[Image-caption web data]
= = = = =
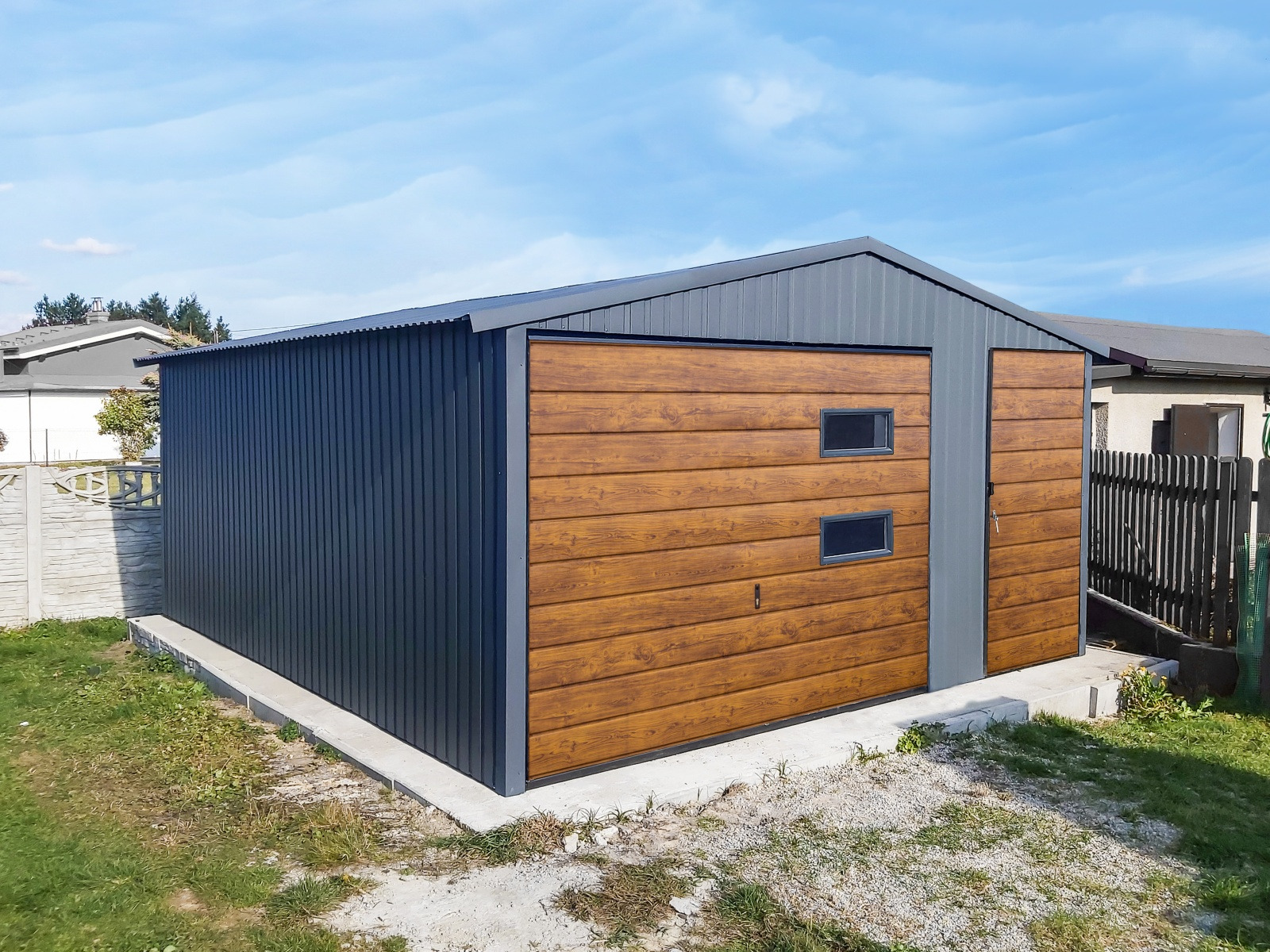 Nowoczesny garaż blaszany z bramą o fakturze drewna i dwoma małymi okienkami, ustawiony na betonowej wylewce, na tle trawnika i zabudowań.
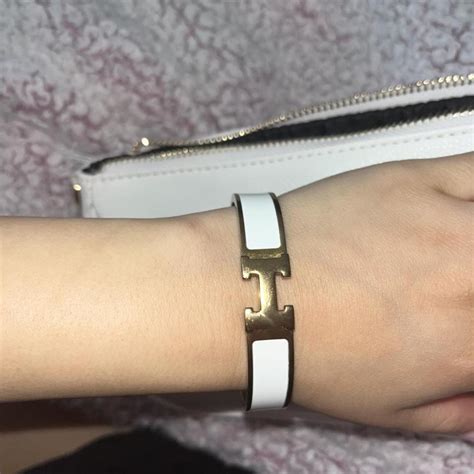 Hermès Clic H bracelet in gold with white... - Depop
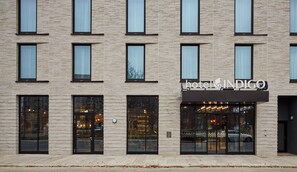 Um hotel com fachada moderna de tijolos, janelas amplas e uma placa destacada com a inscrição 'hotel INDIGO'.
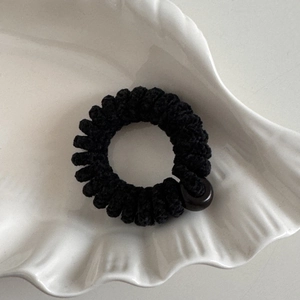 Dettaglio dell'elastico per capelli a spirale in ciniglia nera con perla su vassoio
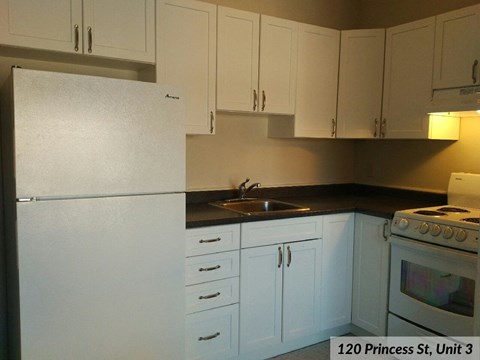 an empty kitchen with white cabinets and a white refrigerator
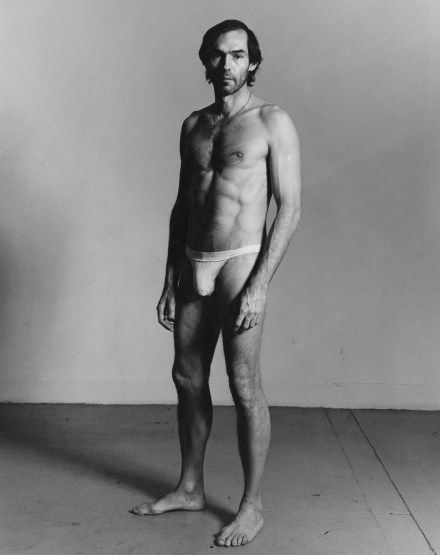 Black and white photograph of man standing in underwear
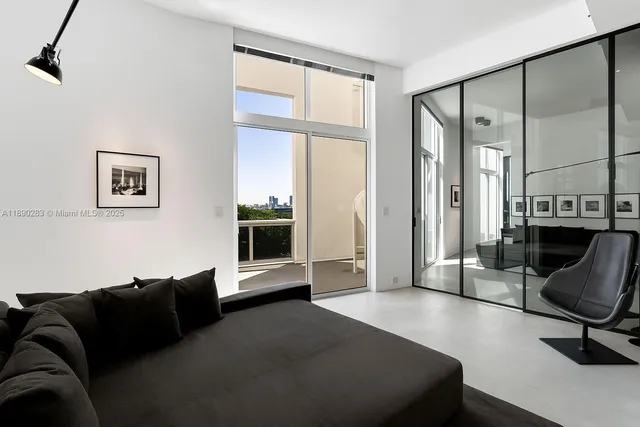 a living room with furniture fireplace and flat screen tv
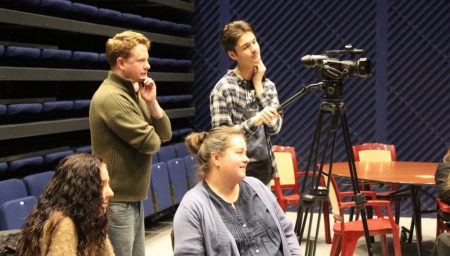 Two people film event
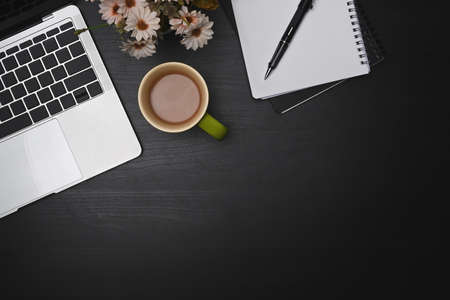 Laptop computer, empty notebook and coffee cup on black table.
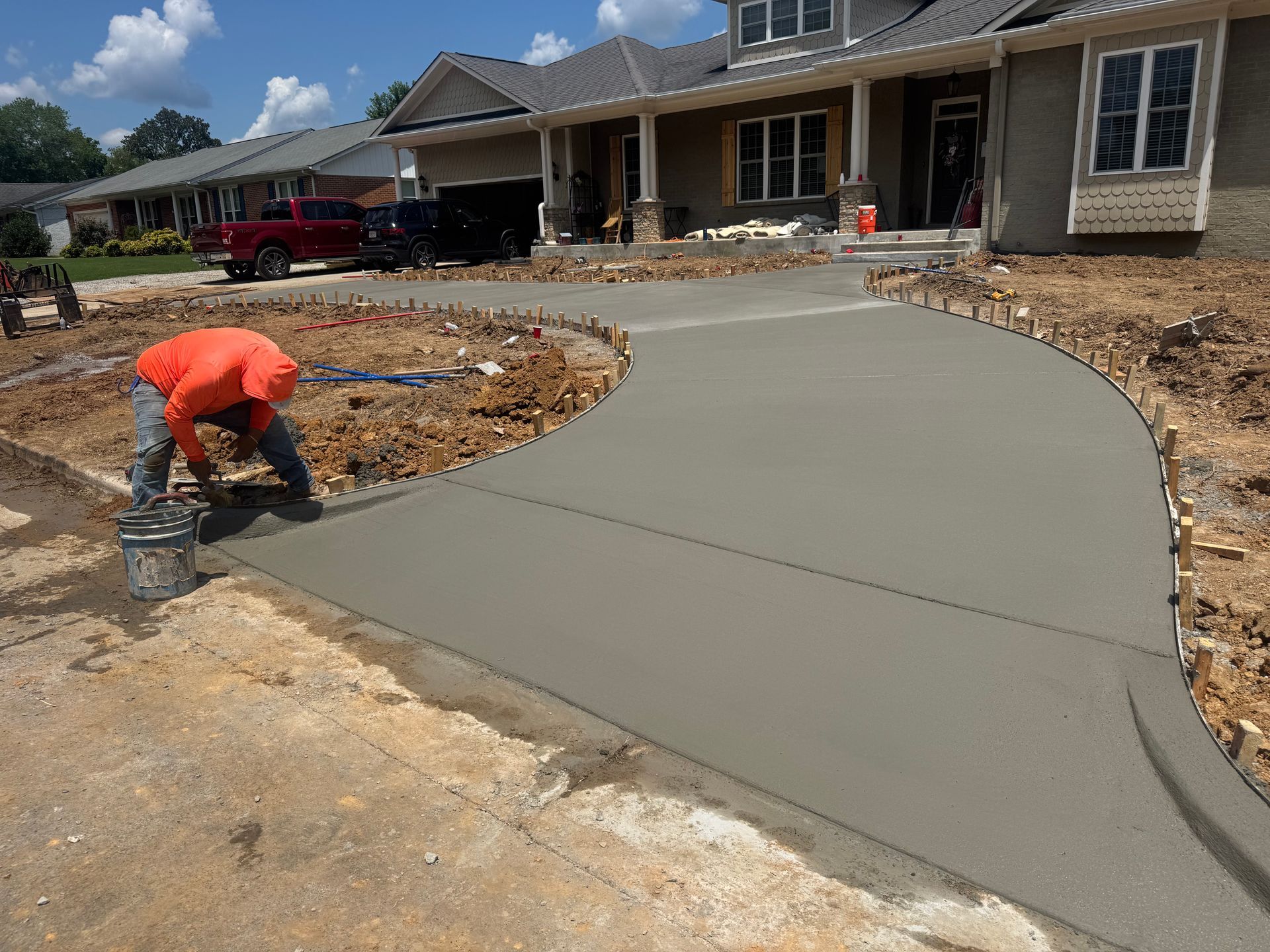 Worker smoothing fresh concrete driveway beside a house under construction
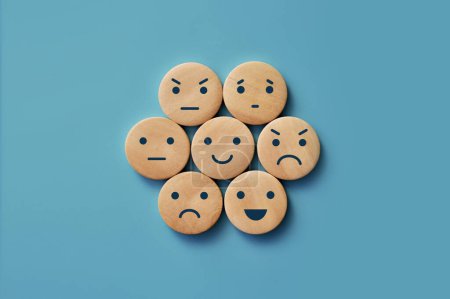 Photo for A variety of human emotions: joy, serenity, anger, sadness, delight, surprise on wooden circles - Royalty Free Image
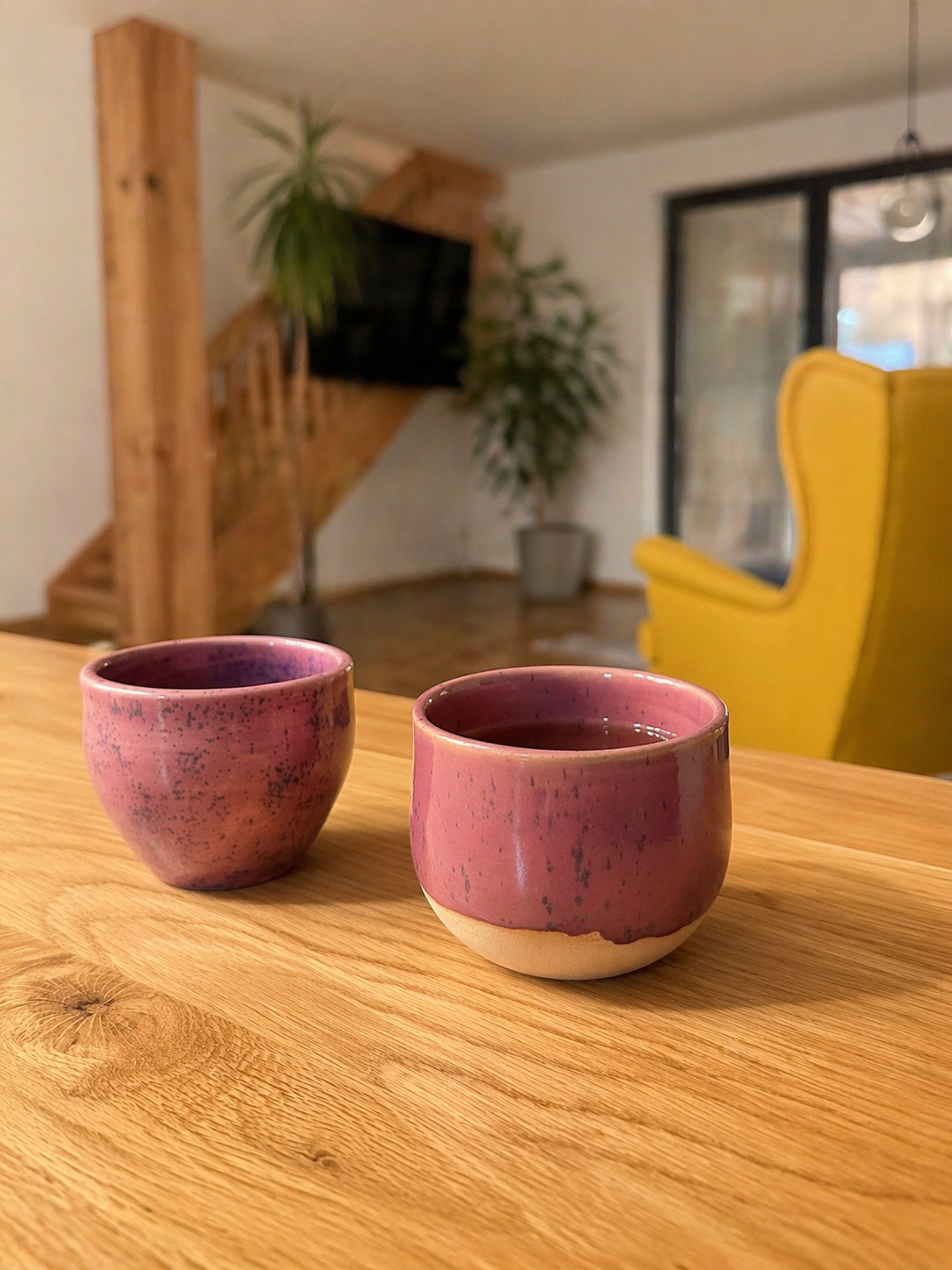 Dva růžové keramické kalíšky na dřevěném stole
= = = = =
What to work on: Print, word for word, the lines above that run from the line containing "Um hotel com" to the line containing "Black and white", both included. Keep the pictures out.

Exercise response:
 Um hotel com fachada moderna de tijolos, janelas amplas e uma placa destacada com a inscrição 'hotel INDIGO'.
 Dettaglio dell'elastico per capelli a spirale in ciniglia nera con perla su vassoio
 an empty kitchen with white cabinets and a white refrigerator
 Black and white photograph of man standing in underwear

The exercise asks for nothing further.